BRIEF.
In the data below, find the line containing "外来媳妇本地郎3 - 国产剧 (2003) 海报" and the line containing "كينوود ماكينه قهوه CMM05.000BM", then reproduce them and every line between, exactly. Omit pictures.

RECORDS TO USE.
———

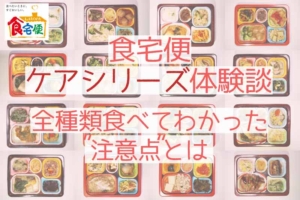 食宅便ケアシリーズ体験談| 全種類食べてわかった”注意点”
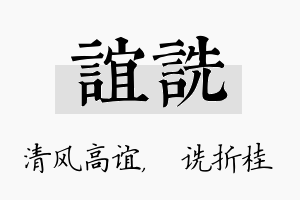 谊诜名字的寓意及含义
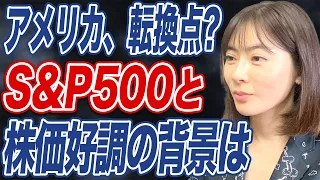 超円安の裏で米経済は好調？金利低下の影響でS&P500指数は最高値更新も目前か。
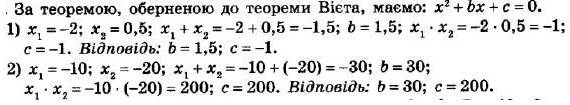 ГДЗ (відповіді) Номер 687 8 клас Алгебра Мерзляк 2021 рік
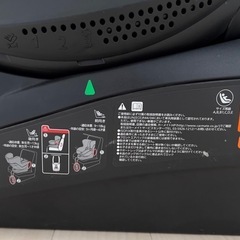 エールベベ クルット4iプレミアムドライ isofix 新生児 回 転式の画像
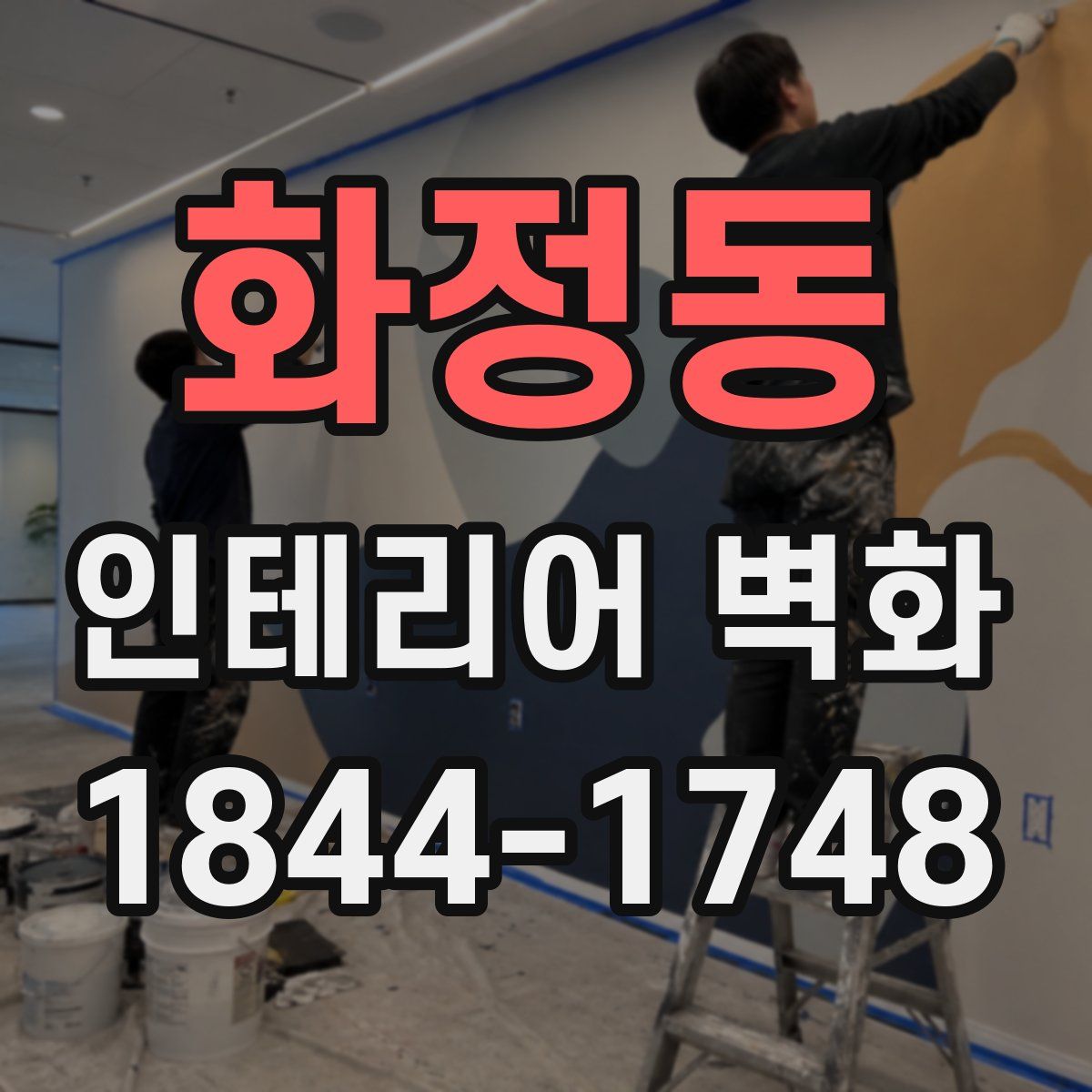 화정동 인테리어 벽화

———

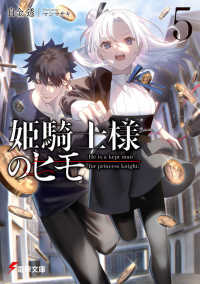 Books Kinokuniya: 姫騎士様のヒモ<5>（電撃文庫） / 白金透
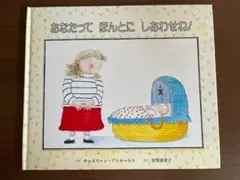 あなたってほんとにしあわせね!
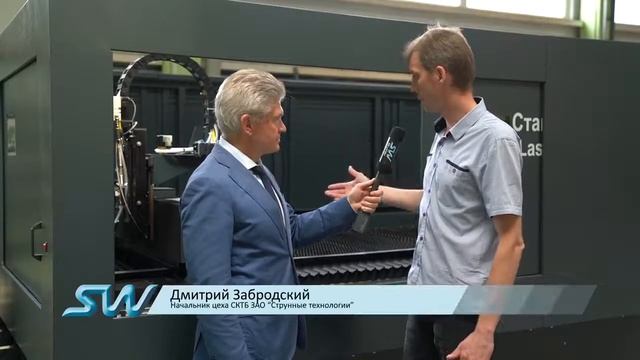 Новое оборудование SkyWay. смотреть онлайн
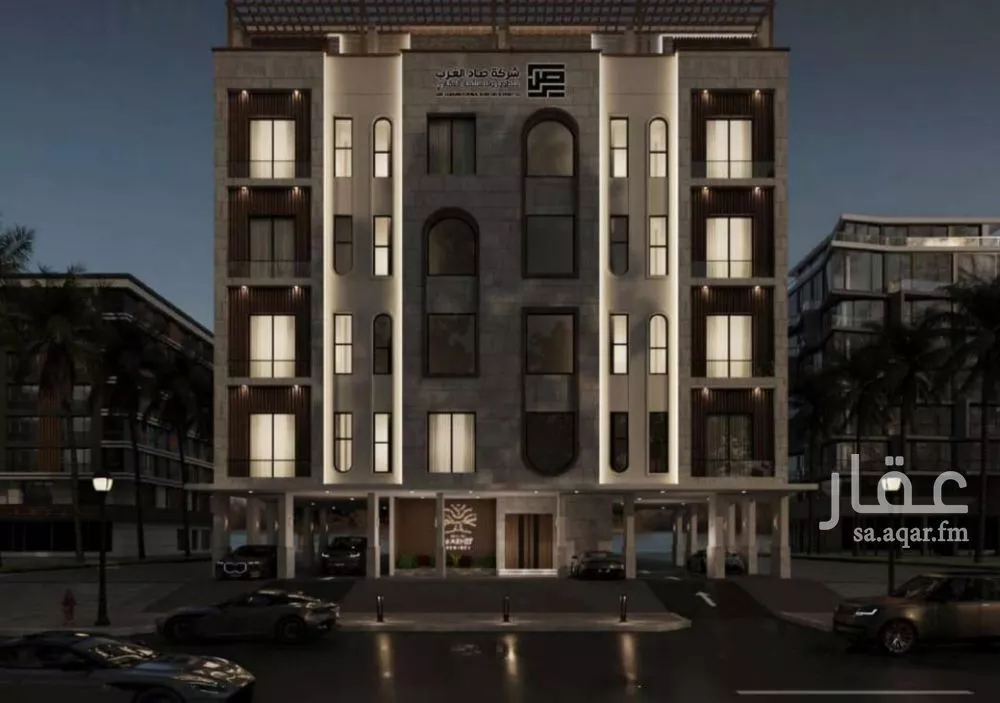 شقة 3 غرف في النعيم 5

———

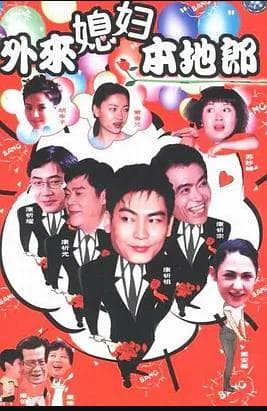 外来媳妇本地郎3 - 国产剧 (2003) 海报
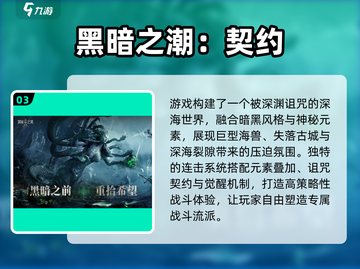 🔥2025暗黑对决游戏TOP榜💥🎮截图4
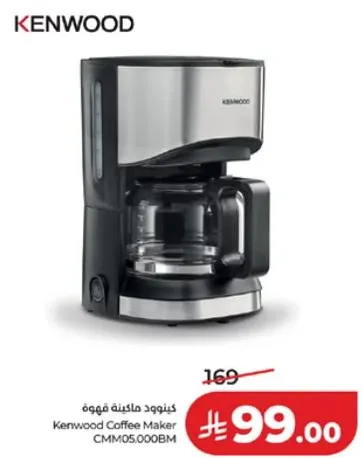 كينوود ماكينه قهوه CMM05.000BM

———

SOLUTION TO THIS EXERCISE.
 外来媳妇本地郎3 - 国产剧 (2003) 海报
 🔥2025暗黑对决游戏TOP榜💥🎮截图4
 كينوود ماكينه قهوه CMM05.000BM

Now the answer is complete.